Семенов круто распрямляется. Он по-прежнему смущен, но спокоен.
– Я не прав, Федор, – говорит он, повертываясь к Титову. – Ты прости меня! Издергался я! Ты же сам знаешь – бригадирствую впервые, а приходится туго.
– Вот это правильно! – восторженно крякает Никита Федорович. – По-нашенски! Правильно, Григорьевич!
А с Федором Титовым происходит необычное для него – краснеет, пришла его очередь смутиться.
– Да пустяки… Чего извиняться… Бывает… – растерянно бормочет он.
– Налей-ка, Дарья, супу! – раздается вдруг требовательно и властно.
Дарья всплескивает руками:
– Ой, батюшки, забыла!
Впрочем, не одна Дарья забыла, что за брезентовым столом нет тракториста Георгия Ракова, – засуматошились, заторопились и забыли о трактористе, но он, по-видимому, нисколько не обижен: неторопливо усаживается на брезент, вытягивает из-за голенища алюминиевую ложку, обдувает ее и, ни на кого не обращая внимания, принимается хлебать суп – прямой, надменный, самоуверенный. Потом разжимает тонкие губы.
– В первой деляне был… – говорит Раков, делая уверенную паузу для того, чтобы лучше оценили, внимательнее прислушались к его словам люди. – Говорю, в первой деляне был! Не выбрал тонкомерные хлысты Титов! – Поворачивается к Дарье, протягивает тарелку: – Левни-ка еще, Дарья!
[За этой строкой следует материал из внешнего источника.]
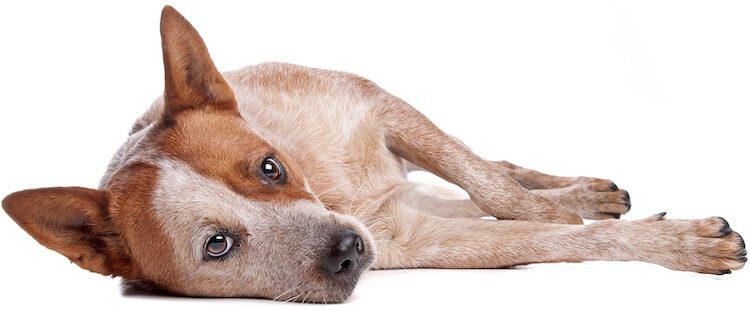 Red Heeler Lying Down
Ты мне мяса много не вали – у меня желудок не железный! Да, не выбрал Федор хлысты… Обманул! Мелочь оставил.
Он и не смотрит на Титова, этот невозмутимый и самоуверенный тракторист Георгий Раков.
– Второе сегодня что? Котлеты? Отлично!.. Трактор, говорю, в первый квартал гонять больше не будем. Пусть Титов на руках вытаскивает тонкомер.
Федор молчит.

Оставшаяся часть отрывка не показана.